CALGARY, ALBERTA, CANADA — His cowboy hat pulled low over his eyes, his long canvas coat buttoned up to ward off the cold, the tall, silent imposing man walks into the big house in the middle of the prairie.

As he enters it's apparent that he's viewed with respect, even awe, by virtually everyone on the set. Glancing around, he acknowledges the attention with a nod and a small, tight smile. Then, without a word, he goes to work.
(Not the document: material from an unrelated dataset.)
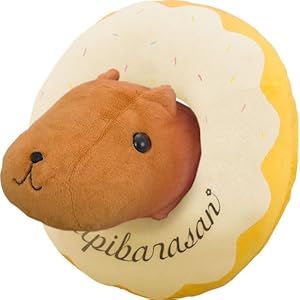 カピバラさん ドーナツ型クッションぬいぐるみ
Sidney Poitier, now 68, almost single-handedly redefined the movie image of African Americans with a series of memorable portrayals in the '50s and '60s, beginning with "No Way Out" in 1950, "Cry, the Beloved Country" in 1951, continuing through 1958's "The Defiant Ones" and 1967's "To Sir, With Love" and "Guess Who's Coming to Dinner," among others.

In recent years, however, he's kept a lower profile. "Sneakers" in 1992 was his first feature film in four years. His last television performance was as the late Justice Thurgood Marshall in the acclaimed 1991 miniseries "Separate but Equal."

On this cold, windy autumn day, Poitier stands tall on a Native American reservation in the shadow of the Canadian Rockies, shooting scenes for "Children of the Dust," a four-hour, two-part movie that premieres Sunday on CBS. Set in 1880s Oklahoma, the film follows half-Cherokee gunslinger Gypsy Smith (Poitier) who acts as the guardian angel for a group of freed slaves heading west in hopes of setting up an all-black town in the Oklahoma Territory. Also starring are Farrah Fawcett, Michael Moriarty, Regina Taylor, Joanna Going and Billy Wirth.

The Western theme, in part, drew Poitier to the project.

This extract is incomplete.